Find the sum of all 4-digit numbers formed by using the digits 1, 2, 3, 4, 5

Question

...and where no digit is to be repeated in any 4-digit number.

Yes, I am aware of similar questions on this site, but none of the answers gave me insight as to how this works.

I would like an answer in ridiculously simple terms, like explaining it to a 5 year old.

One answer:

Total numbers formed using those 5 digits is 5P4. i.e. 120 numbers.

Since all digits will equally occupy the unit's place, therefore 1 will occur 24 times in unit's place. Similarly 2 will occur 24 times in unit's place. So on and so forth. Therefore sum of all digits in unit's place will be equal to 24 x (1+2+3+4+5)=24 x 15.

Similarly sum of all digits in ten's place will be equal to 24 x 150.

Therefore total sum of all numbers =24 x (15+150+1500+15000)=399960 .

Why is there the sum (1 + 2 + 3 + 4 + 5)?

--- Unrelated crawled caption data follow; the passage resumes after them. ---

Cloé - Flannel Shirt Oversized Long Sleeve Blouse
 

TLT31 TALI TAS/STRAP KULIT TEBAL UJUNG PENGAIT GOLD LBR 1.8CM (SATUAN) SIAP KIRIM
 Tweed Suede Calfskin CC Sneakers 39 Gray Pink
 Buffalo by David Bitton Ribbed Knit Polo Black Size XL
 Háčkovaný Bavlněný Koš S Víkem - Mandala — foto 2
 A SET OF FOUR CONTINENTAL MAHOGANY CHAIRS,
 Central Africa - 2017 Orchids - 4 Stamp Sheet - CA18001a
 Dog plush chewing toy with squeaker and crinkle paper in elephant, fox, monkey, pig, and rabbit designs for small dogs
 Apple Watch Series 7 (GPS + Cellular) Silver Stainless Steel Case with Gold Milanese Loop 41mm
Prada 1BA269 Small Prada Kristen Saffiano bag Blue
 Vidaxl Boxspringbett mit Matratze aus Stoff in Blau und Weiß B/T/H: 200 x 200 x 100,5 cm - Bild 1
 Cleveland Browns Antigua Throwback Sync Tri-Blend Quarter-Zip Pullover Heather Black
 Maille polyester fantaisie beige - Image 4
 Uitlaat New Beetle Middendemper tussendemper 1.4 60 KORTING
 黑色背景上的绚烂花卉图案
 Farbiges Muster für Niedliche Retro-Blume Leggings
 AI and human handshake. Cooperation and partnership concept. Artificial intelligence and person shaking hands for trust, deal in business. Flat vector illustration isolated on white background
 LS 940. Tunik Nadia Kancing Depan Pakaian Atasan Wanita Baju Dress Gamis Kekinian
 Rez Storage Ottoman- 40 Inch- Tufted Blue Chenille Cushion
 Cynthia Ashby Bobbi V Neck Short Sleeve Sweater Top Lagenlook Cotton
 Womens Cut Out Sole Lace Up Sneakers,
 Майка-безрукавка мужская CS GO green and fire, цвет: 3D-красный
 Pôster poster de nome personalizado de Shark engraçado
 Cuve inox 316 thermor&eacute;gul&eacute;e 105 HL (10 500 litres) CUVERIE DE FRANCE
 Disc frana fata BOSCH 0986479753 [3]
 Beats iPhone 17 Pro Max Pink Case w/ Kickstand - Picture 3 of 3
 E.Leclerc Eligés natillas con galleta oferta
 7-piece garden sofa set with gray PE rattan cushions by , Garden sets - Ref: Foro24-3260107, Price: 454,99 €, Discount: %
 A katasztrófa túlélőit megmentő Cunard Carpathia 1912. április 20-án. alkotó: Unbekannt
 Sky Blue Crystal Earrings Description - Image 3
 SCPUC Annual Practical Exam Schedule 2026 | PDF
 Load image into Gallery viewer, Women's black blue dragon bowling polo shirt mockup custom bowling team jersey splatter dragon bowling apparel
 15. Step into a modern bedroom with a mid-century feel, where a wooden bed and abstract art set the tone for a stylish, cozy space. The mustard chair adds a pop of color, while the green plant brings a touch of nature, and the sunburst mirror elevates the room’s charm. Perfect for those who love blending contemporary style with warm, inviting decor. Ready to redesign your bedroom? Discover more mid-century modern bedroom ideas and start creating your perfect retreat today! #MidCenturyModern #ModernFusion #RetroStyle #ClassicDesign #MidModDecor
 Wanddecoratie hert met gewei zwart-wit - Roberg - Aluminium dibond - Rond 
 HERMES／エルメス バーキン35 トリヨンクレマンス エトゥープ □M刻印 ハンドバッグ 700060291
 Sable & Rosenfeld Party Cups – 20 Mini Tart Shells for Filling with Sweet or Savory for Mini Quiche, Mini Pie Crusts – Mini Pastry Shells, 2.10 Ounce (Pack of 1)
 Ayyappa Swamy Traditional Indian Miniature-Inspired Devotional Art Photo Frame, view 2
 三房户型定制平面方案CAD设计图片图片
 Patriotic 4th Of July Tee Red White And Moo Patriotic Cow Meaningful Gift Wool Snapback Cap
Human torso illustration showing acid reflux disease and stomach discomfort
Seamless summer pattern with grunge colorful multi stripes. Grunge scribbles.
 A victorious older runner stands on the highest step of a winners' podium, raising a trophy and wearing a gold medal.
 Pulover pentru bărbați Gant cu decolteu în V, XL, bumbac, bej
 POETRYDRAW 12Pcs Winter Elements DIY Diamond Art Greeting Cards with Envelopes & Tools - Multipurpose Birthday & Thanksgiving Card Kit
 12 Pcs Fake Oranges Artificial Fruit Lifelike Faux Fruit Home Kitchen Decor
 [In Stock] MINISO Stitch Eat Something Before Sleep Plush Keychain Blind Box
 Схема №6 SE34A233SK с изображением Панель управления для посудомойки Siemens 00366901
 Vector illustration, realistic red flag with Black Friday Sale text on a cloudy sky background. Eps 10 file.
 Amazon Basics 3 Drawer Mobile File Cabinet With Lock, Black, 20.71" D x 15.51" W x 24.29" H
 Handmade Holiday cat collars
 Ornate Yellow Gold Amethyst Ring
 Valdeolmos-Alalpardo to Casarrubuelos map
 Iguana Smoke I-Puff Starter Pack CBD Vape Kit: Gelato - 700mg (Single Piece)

Am I misreading the question? Does "no digit is to be repeated in any 4-digit number" mean that there shouldn't be a number like 4432, or does it mean that a number should not be repeated in the same "unit slot"?

Answer 1

Your answer is trying to say that when you write out all 120 numbers, it will look something like this:

1234

1235

...

2134

2135

...

5123

5124

There will be 24 ones in the thousands place, 24 twos in the thousands place, etc. This is because once we set a certain number in the thousands place (e.g. one), then we have 24 distinct four digit numbers.

So we calculate the sum of the 120 valid 4 digit numbers by first looking at the sum of the digits in the thousands place. This sum is $$1000 * 24 * 1 + 1000 * 24 * 2 + 1000 * 24 * 3 + 1000 * 24 * 4 + 1000 * 24 * 5$$

The 1000 comes from looking at the sum of the digits in the thousands' place. The solution you provided factored this result as $1000 * 24 * (1+2+3+4+5)$.

Now that we've calculated the sum of the digits in the thousands' place, we can do the same for the hundreds' place, tens' place, and ones' place similarly:

Hundreds' Place: $100 * 24 * (1+2+3+4+5)$

Tens' Place: $10 * 24 * (1+2+3+4+5)$

Ones' Place: $1 * 24 * (1+2+3+4+5)$

Adding these values together, we get the answer, which is 399960.

Answer 2

It's just a shorthand for adding up the $120$ possible values of the ones place.

The digit $1$ occurs $24$ times, as does $2, 3, 4,$ and $5$,

If your digits were $(2,4,5,7,9)$ then the sum would be $24 \times (2+4+5+7+9)$.